__Task to carry out__. The records should be repeated word for word, pictures excluded.

[Short web captions]
● ● ●

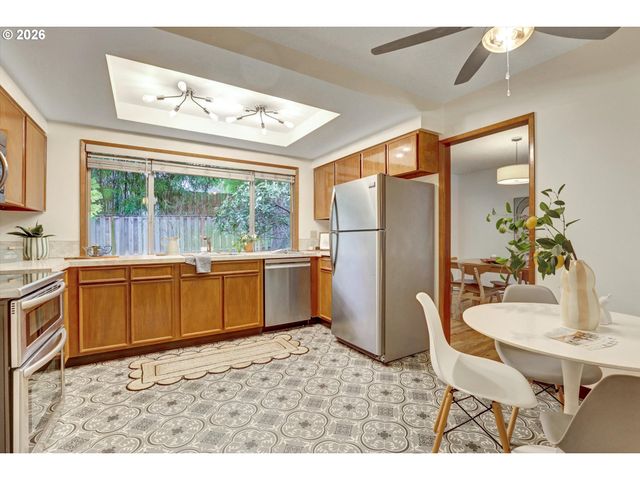 5537 Sw SEYMOUR Ct, Portland, OR 97221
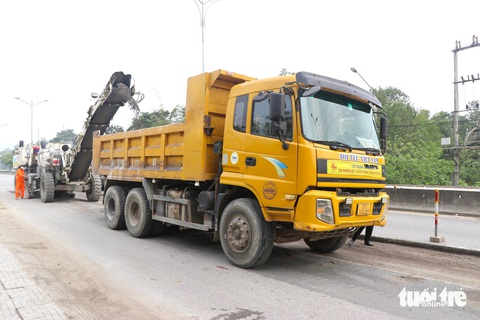 Sau Tết, tiếp tục sửa chữa mặt đường quốc lộ 1 hư hỏng- Ảnh 2. Phương tiện cào bóc mặt đường hư hỏng để thảm lại - Ảnh: LÊ MINH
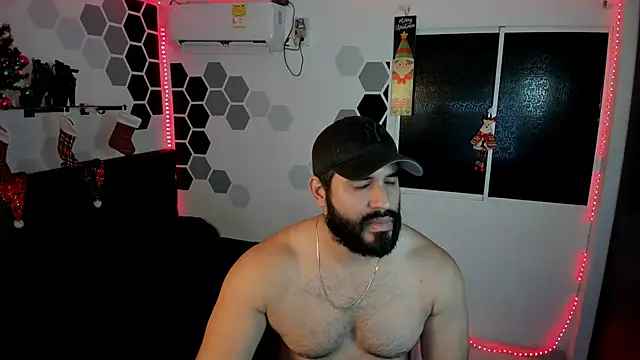 Snapshot of eda_karim chatting on 12/12/24, 11:28 eda karim online show from 12/12/24, 11:28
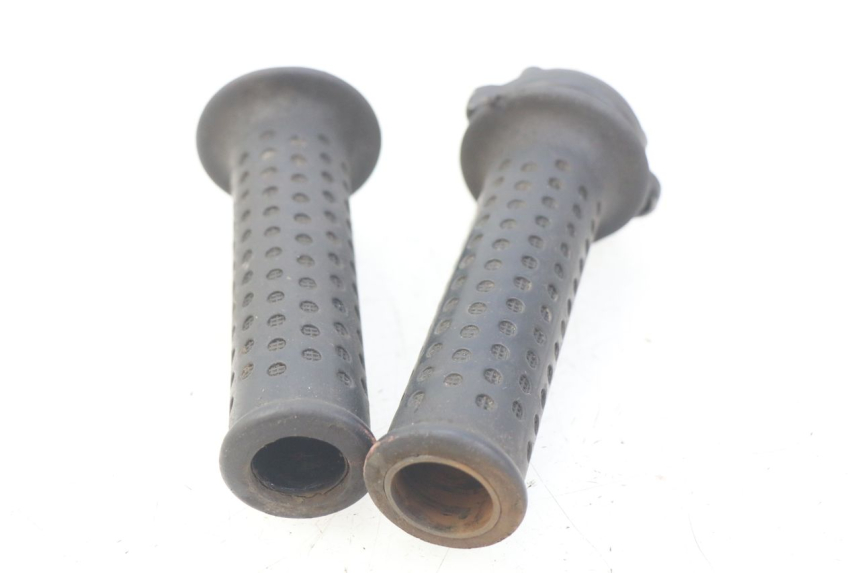 photo de POIGNEE ACCELERATEUR PIAGGIO X8 125 (2004 - 2007) - Autre angle de vue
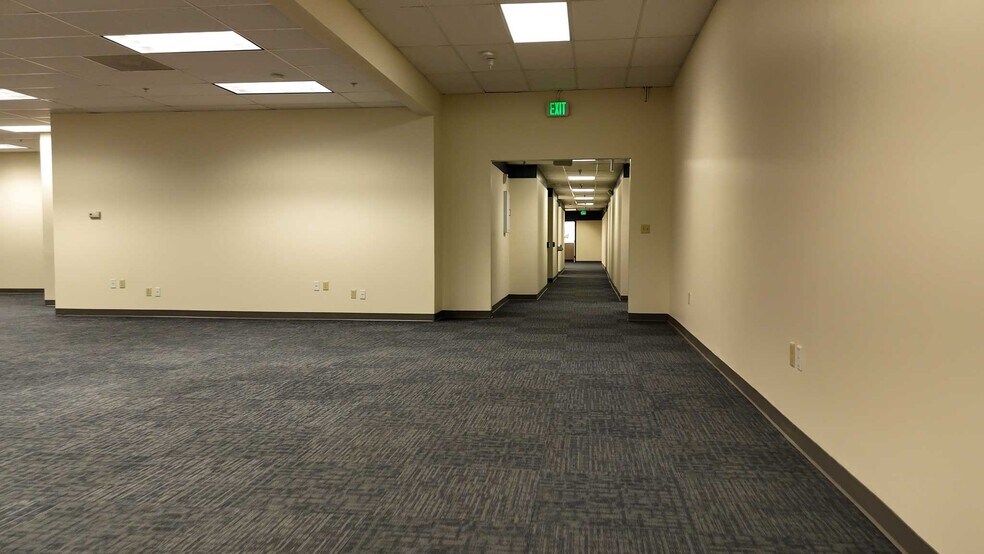 More Photos Of 8955 Drennan Rd, Colorado Springs Flex For Lease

● ● ●

__Solution__.
 5537 Sw SEYMOUR Ct, Portland, OR 97221
 Sau Tết, tiếp tục sửa chữa mặt đường quốc lộ 1 hư hỏng- Ảnh 2. Phương tiện cào bóc mặt đường hư hỏng để thảm lại - Ảnh: LÊ MINH
 Snapshot of eda_karim chatting on 12/12/24, 11:28 eda karim online show from 12/12/24, 11:28
 photo de POIGNEE ACCELERATEUR PIAGGIO X8 125 (2004 - 2007) - Autre angle de vue
 More Photos Of 8955 Drennan Rd, Colorado Springs Flex For Lease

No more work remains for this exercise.